Joe Clerkin announced that he’s leaving the city, while attending to a final piece of business—helping to shepherd through approval of two more municipal labor contracts.
Clerkin, a 28-year city employee who has served as budget chief since 2011, broke the news Monday night at a meeting of the Board of Alders Finance Committee, where he testified about the financial details of two newly struck five-year labor agreements with UPSEU Local 424, representing 80 public works employees, and AFSCME Council 4 Local 1303-467, a group of 36 public health nurses.

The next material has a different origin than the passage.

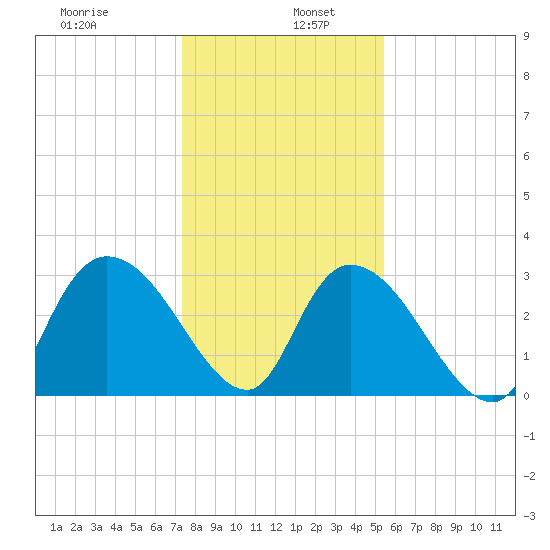 Tide Chart for 2021/01/7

Clerkin said his last day will be July 28. He later called the decision to leave an economic one: “My wife and I determin[ed] that a new employment opportunity would best serve our family’s future.” He called it an “honor” to have “served the citizens of New Haven” in the Harp administration. his deputy, Michael Gormany, will fill in as budget chief while the mayor seeks a permanent replacement.
The two municipal unions, meanwhile, have been working without a contract for one year, in one case; and two in the other. The Finance Committee, in order to speed up approval of the deals, didn’t vote on them Monday night; rather they forwarded them to the full Board of Alders to consider at its next meeting as a “committee of the whole.” (That allows the board to vote right away rather than do a “first reading” and wait another month.)
One contract will allow public health nurses, who work predominantly at public public schools, to disaffiliate from Local 884, which primarily represents clerical workers. No members of either union attended the hearing; city-hired outside labor attorney Floyd Dugas, who did attend, speculated that the opportunity to have a dominant voice in negotiations drove the nurses to create their own union.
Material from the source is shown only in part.